── Materials provided

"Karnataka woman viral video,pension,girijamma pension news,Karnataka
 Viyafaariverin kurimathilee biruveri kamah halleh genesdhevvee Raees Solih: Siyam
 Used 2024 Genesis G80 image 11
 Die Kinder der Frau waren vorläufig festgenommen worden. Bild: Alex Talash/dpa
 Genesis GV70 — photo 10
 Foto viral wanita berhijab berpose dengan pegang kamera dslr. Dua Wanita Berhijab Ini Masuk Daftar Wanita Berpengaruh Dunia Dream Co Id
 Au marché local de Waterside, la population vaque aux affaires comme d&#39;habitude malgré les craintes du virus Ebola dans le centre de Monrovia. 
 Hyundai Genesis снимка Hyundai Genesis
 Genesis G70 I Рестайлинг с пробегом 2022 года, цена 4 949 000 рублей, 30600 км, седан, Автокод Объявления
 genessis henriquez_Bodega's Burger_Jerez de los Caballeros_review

────

__Required action__. Please transcribe the full listing exactly, down to the last line.

__Written solution__.
"Karnataka woman viral video,pension,girijamma pension news,Karnataka
 Viyafaariverin kurimathilee biruveri kamah halleh genesdhevvee Raees Solih: Siyam
 Used 2024 Genesis G80 image 11
 Die Kinder der Frau waren vorläufig festgenommen worden. Bild: Alex Talash/dpa
 Genesis GV70 — photo 10
 Foto viral wanita berhijab berpose dengan pegang kamera dslr. Dua Wanita Berhijab Ini Masuk Daftar Wanita Berpengaruh Dunia Dream Co Id
 Au marché local de Waterside, la population vaque aux affaires comme d&#39;habitude malgré les craintes du virus Ebola dans le centre de Monrovia. 
 Hyundai Genesis снимка Hyundai Genesis
 Genesis G70 I Рестайлинг с пробегом 2022 года, цена 4 949 000 рублей, 30600 км, седан, Автокод Объявления
 genessis henriquez_Bodega's Burger_Jerez de los Caballeros_review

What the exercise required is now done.